+++ Available records +++

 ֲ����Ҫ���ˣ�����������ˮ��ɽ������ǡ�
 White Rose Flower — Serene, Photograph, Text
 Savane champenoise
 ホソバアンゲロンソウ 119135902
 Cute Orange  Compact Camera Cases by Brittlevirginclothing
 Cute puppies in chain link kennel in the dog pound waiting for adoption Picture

+++
+++ Available records +++

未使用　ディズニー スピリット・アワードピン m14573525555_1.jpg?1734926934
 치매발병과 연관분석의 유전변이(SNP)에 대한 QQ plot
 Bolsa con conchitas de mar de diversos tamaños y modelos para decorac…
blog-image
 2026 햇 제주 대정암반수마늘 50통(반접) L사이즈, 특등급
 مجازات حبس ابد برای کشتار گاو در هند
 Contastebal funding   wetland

+++
+++ Available records +++

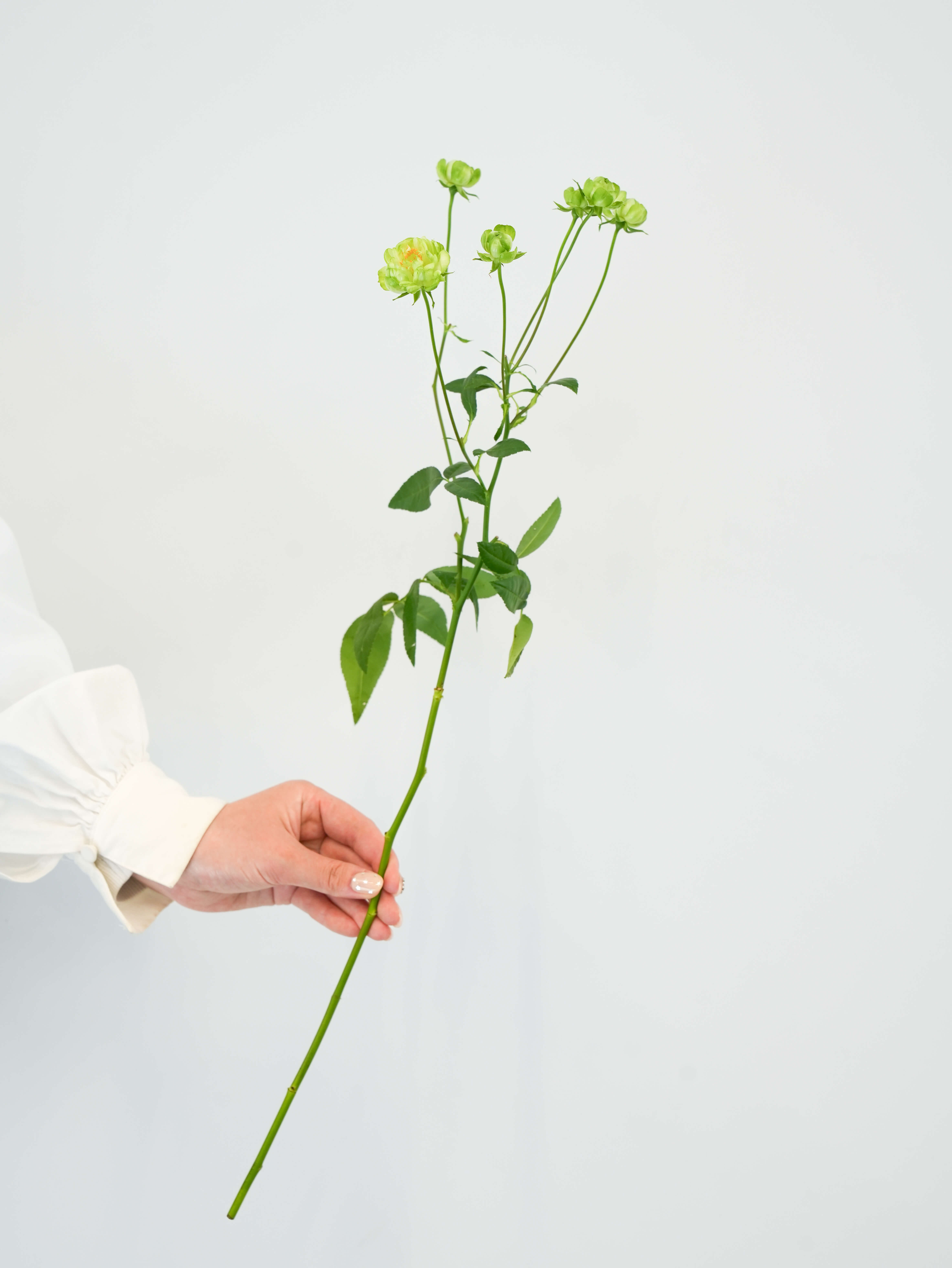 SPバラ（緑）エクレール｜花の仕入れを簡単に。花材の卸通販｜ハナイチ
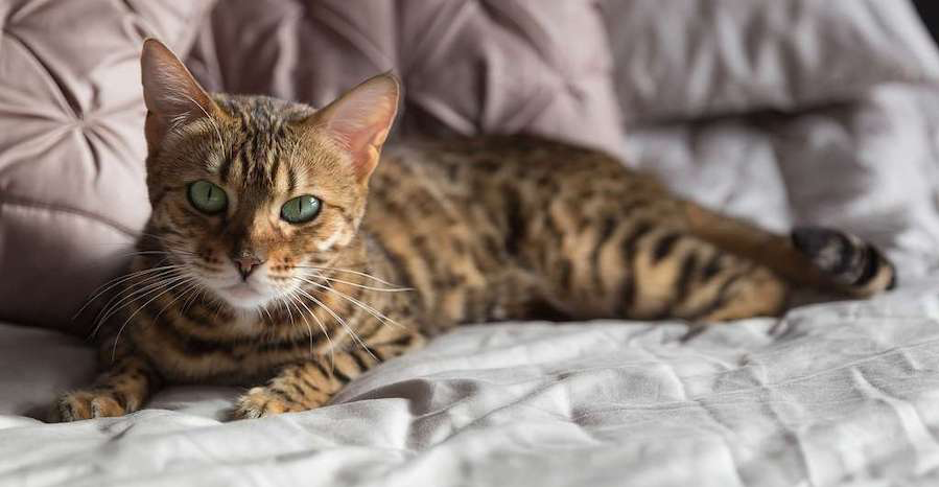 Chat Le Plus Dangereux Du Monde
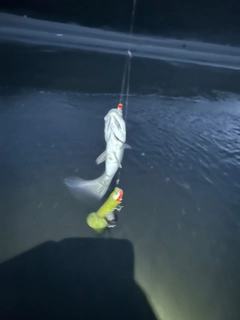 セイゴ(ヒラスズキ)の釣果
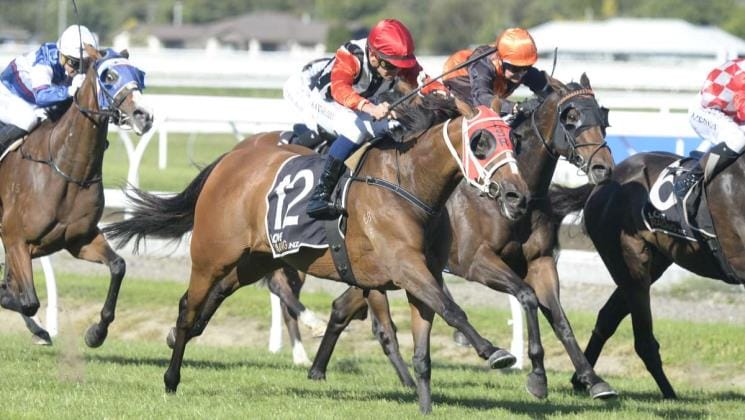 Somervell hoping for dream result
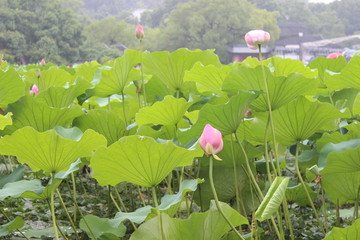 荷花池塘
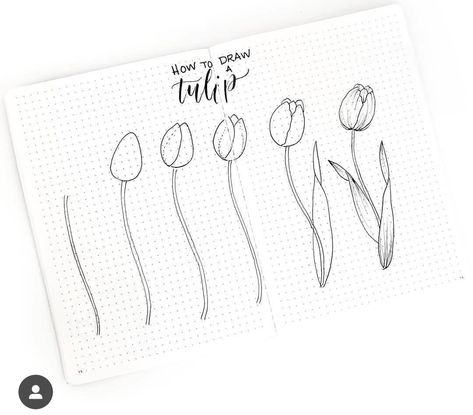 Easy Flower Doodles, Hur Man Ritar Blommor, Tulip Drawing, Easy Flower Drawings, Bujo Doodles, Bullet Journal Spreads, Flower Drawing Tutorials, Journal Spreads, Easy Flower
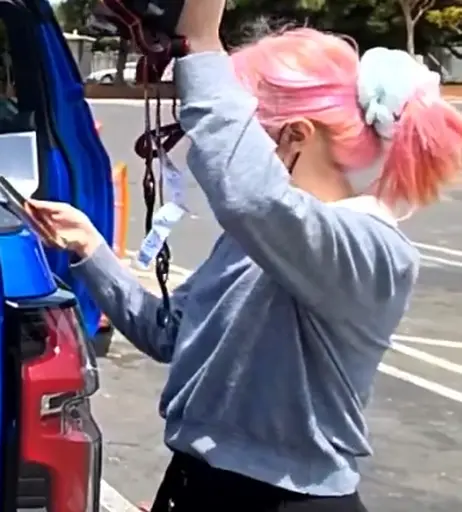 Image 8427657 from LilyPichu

+++

What you need to do:
Would you count the lines in the data that contain the word "Cute" and state only the number?

Written reply:
2